Anyway, all those Twitter naysayers miss the point. And all the naysayer-naysayers miss the point too. Quoth the naysayer: "Who the hell cares what you ate for lunch and what you think of Red Riding? I don't spend any time on Twitter. I prefer to hang out in super-cool bars discussing the Nietzschen influence the latest Add N to X album with my real friends." Quoth the naysayer-naysayers: "It's so not about that, you prick! It's about connecting with new people who share your interests and loves and forming intense, long-lasting and earth-shattering relationships with them!" What utter bollocks. It's about stalking celebrities and showing off, as simple as that. Anyone who follows me and doesn't know me is very welcome and I love them utterly, but they're just gonna get me trying to be clever in 140 characters every couple of hours or so, and I can imagine that could get pretty tedious pretty quickly. So why do I bother? Why does anyone bother? Behold, the truth! I just want to be LOVED!

I don't write this stupid blog because I'm just overflowing with creative juice and it has to escape somewhere. I hate writing it. Every post creates a horrendous internal torrent of self-hatred, a constant nattering in the back of my brain telling me that I haven't got any ideas at all. Every time I sit down to write, I have to quell the ctrl-A, delete instinct that seizes my fingers, Dr Strangelove-style, every few words. It's frankly amazing that anything ever gets published on here.

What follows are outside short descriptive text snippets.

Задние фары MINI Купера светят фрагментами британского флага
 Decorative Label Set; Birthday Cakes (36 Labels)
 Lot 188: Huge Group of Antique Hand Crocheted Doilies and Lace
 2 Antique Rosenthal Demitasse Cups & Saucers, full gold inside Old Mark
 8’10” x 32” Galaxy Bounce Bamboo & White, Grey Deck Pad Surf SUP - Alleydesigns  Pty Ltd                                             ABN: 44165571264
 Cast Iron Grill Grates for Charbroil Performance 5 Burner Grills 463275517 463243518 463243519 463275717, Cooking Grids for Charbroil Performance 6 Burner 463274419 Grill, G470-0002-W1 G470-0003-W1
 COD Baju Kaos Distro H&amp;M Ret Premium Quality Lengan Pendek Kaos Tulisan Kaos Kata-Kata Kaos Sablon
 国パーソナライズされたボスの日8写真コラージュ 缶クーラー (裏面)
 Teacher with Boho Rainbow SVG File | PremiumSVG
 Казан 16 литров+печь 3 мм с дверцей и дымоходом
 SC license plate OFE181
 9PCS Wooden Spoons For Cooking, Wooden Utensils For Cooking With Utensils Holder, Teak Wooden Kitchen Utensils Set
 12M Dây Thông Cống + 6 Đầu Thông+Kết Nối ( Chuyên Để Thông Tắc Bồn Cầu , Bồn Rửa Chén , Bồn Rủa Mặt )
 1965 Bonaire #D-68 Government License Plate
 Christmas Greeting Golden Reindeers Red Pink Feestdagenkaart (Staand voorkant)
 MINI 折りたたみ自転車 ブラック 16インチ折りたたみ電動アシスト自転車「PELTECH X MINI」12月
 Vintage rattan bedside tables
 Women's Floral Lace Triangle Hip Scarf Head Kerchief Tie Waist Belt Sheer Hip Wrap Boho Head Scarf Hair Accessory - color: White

Not to mention the fact that I have got this far into this paragraph without pulverising my fingers by repeatedly smashing the laptop closed on them. So why do it? I write this blog on the tiny off chance that someone I don't know will happen upon it, and think it's funny. Oh, and then if they could pay me a lot of money to write for them as well, that'd be swell. Of course, I would have a completely miserable life if I were a professional writer due to the endless mind-fuckery detailed above, but I feel I'm nothing if not ridiculous.

I am ridiculous, though! Although I yearn for people to read this and like it (not this post, obviously. This doesn't count. Normal service will resume shortly), I'm also terrified that someone I know will read it and I'll be found out. Friends very kindly tell me they like it, and I crumple with embarrassment. It's anonymous, even though it doesn't need to be, because I'm no-one. But yet, but yet... Gah! I am trapped between frantically hoping for acceptance which should be rightfully mine because I'm obviously so marvellous, and not daring to make any pro-active moves towards being a proper writer because I'm obviously so shit.

Oh, man. I sincerely apologise. This is terrible, angsty, adolescent nonsense, and not something that should be published, really. But I'm going to publish it in the hope that it'll spur me on to blog again on something actually entertaining to push this off the top page. At least we can take comfort in this: it has turned out not to be about Twitter.

1 comment:

Kolley Kibber said...

Great stuff. Your entry perfectly sums up the dilemma of the shy writer. 'Should I? Who do I think I am anyway? What will people think? What if they don't think anything at all?' It all feels very familiar!

Just as long as you don't stop writing.